== Supplied records ==

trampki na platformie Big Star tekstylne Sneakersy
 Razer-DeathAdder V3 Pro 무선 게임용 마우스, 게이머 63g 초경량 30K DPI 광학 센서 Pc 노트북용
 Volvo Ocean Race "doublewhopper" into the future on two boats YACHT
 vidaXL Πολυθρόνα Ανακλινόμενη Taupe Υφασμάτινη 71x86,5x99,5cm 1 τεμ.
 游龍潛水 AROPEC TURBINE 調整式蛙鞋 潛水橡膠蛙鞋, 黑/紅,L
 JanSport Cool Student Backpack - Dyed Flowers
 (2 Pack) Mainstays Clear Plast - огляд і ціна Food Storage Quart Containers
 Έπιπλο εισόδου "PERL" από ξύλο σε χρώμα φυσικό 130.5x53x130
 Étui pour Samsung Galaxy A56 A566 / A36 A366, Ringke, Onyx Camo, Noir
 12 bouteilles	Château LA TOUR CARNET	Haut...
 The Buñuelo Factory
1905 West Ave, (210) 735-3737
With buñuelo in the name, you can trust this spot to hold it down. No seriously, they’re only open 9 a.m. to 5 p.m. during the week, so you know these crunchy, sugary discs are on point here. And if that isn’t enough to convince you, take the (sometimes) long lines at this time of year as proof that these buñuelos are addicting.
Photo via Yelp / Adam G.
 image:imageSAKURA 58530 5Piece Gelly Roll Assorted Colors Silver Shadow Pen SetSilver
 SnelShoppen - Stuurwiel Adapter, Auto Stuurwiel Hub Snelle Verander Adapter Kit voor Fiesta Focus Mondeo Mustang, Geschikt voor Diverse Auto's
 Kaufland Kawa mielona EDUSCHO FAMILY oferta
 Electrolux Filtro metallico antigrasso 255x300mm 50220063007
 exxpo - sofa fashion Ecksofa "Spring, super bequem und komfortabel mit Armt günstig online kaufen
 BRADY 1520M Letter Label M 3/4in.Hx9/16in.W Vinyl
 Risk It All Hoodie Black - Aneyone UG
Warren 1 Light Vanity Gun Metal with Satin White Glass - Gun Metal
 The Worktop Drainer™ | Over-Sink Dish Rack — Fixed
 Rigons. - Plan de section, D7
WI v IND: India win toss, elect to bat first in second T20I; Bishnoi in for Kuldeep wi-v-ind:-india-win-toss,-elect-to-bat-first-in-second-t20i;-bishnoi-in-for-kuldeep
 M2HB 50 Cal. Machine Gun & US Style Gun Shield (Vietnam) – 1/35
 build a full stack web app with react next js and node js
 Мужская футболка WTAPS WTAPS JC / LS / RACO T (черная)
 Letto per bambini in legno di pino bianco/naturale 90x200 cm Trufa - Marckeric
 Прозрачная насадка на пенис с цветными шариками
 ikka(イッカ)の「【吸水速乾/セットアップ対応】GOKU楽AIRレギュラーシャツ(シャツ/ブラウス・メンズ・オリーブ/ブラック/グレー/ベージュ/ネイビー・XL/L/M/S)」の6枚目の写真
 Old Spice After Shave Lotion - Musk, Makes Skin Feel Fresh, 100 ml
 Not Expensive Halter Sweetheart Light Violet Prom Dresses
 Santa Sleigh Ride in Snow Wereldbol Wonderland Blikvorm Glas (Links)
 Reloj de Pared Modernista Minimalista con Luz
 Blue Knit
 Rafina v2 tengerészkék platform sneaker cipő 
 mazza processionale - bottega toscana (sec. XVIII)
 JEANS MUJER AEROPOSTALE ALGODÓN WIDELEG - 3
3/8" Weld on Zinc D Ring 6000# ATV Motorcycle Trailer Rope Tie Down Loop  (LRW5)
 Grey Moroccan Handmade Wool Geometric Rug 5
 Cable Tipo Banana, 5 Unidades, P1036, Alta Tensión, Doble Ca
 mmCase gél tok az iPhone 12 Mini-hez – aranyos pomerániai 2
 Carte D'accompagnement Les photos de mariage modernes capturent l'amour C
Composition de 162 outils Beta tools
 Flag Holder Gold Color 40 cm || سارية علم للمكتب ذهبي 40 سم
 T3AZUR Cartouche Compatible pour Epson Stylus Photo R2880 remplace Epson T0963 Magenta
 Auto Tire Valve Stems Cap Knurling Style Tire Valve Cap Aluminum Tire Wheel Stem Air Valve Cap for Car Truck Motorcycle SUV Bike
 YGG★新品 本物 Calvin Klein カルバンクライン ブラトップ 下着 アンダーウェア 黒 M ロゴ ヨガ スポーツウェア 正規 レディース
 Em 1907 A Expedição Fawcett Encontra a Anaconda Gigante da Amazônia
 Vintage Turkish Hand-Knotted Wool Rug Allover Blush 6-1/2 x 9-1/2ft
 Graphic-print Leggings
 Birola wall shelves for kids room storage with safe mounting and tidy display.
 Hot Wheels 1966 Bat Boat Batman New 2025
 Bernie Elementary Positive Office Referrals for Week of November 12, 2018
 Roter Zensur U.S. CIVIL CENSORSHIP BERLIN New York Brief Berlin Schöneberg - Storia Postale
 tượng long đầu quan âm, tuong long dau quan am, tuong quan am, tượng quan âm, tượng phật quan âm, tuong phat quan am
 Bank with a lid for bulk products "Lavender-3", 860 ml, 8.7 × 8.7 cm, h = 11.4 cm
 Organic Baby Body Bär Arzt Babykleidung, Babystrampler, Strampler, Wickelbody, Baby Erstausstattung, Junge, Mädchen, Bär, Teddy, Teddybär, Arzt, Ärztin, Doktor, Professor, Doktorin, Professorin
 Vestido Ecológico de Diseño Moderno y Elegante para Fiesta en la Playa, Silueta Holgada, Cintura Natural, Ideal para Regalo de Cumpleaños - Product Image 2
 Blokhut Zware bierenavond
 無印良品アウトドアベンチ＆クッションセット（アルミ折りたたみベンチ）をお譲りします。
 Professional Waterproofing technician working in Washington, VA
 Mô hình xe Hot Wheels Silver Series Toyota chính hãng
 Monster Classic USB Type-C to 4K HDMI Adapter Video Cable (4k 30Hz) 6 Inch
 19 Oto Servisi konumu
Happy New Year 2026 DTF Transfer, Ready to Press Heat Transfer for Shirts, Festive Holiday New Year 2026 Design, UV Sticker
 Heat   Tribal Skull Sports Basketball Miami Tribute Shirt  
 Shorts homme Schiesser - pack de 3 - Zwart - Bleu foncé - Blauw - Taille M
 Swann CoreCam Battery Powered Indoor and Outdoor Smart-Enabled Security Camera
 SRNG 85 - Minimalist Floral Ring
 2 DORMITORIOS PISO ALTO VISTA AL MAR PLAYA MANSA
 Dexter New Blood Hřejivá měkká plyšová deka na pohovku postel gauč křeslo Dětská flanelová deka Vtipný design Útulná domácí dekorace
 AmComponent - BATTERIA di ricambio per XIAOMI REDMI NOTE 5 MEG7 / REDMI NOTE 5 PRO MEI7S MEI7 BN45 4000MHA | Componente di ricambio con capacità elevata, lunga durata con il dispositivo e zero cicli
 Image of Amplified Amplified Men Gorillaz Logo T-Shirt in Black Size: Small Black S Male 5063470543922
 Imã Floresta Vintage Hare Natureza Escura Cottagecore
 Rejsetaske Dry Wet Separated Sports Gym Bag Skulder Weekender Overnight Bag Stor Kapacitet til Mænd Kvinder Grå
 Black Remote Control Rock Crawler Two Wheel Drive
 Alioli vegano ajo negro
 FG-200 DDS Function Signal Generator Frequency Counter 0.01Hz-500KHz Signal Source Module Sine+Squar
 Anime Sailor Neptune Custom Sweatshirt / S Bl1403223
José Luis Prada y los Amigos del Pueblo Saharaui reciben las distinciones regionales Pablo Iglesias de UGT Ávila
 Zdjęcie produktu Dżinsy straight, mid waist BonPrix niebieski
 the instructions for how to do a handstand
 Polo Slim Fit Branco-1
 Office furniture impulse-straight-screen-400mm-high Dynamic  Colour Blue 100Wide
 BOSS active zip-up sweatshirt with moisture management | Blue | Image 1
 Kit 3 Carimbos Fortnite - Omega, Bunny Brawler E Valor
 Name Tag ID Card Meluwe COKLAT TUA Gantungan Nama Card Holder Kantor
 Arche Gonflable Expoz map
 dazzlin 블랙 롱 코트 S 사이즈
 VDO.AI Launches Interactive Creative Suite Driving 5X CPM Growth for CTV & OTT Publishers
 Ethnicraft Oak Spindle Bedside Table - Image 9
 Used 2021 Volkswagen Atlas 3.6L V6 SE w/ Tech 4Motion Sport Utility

===

Would you retype exactly the lines above, from the line with "Swann CoreCam Battery" to the line with "Dexter New Blood", with both end lines kept and nothing more?

▸ Response below
 Swann CoreCam Battery Powered Indoor and Outdoor Smart-Enabled Security Camera
 SRNG 85 - Minimalist Floral Ring
 2 DORMITORIOS PISO ALTO VISTA AL MAR PLAYA MANSA
 Dexter New Blood Hřejivá měkká plyšová deka na pohovku postel gauč křeslo Dětská flanelová deka Vtipný design Útulná domácí dekorace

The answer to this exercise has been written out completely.